[Start of Attachment]
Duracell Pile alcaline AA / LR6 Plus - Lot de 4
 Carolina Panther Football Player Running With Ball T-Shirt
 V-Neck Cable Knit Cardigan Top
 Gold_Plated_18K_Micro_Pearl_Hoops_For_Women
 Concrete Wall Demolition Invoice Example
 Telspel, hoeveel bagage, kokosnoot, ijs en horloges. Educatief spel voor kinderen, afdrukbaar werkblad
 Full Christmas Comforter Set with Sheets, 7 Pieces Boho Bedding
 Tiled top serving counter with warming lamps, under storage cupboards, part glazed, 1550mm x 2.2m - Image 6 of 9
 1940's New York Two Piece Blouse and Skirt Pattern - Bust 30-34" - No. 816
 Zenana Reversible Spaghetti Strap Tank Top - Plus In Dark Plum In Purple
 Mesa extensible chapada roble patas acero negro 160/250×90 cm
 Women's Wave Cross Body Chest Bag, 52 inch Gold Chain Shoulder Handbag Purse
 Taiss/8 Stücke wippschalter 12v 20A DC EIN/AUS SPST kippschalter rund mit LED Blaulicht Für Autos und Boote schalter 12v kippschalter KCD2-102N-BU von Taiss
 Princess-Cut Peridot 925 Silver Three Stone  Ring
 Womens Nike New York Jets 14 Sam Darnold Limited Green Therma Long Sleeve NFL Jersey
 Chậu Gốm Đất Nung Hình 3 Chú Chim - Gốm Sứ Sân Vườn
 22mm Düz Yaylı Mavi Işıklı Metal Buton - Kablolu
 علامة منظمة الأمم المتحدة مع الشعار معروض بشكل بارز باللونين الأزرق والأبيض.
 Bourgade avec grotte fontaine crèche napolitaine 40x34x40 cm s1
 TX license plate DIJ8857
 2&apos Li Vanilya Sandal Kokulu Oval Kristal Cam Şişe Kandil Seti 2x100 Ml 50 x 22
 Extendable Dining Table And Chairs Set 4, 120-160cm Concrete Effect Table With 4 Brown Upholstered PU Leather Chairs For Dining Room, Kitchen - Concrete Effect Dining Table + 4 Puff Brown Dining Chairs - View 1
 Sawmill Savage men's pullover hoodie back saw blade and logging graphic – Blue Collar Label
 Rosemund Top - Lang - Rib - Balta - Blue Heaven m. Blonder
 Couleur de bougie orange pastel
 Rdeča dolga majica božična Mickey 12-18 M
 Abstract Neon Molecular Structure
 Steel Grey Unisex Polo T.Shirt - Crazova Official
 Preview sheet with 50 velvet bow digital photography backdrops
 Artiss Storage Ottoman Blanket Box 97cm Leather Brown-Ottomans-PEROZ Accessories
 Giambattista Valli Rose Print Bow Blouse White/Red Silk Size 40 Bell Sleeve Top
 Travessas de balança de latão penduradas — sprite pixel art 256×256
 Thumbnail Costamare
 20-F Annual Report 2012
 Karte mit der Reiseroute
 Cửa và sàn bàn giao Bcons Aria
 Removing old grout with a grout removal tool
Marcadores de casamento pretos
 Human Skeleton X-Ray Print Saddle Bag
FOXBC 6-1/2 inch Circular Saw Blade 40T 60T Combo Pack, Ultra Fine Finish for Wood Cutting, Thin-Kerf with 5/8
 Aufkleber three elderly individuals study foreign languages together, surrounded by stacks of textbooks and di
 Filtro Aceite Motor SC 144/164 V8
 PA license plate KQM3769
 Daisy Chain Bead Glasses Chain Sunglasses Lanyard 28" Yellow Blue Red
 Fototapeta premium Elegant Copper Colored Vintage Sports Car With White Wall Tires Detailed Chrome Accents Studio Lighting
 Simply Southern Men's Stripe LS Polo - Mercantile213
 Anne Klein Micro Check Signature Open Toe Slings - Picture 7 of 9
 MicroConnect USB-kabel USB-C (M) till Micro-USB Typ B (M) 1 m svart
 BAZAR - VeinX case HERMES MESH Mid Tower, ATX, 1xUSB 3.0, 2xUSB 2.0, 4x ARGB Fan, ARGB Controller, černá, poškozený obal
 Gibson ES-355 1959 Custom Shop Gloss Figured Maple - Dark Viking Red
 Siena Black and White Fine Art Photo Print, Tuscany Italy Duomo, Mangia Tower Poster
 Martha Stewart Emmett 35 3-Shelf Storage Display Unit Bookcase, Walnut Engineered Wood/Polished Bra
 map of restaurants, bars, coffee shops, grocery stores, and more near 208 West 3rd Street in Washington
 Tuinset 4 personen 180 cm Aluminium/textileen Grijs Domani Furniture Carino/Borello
[End of Attachment]
> Assignment:
The response must hold only the lines above from the line with "Rdeča dolga majica božična Mickey 12-18 M" through the line with "Preview sheet with", each copied exactly, both ends kept.

> Completed exercise:
 Rdeča dolga majica božična Mickey 12-18 M
 Abstract Neon Molecular Structure
 Steel Grey Unisex Polo T.Shirt - Crazova Official
 Preview sheet with 50 velvet bow digital photography backdrops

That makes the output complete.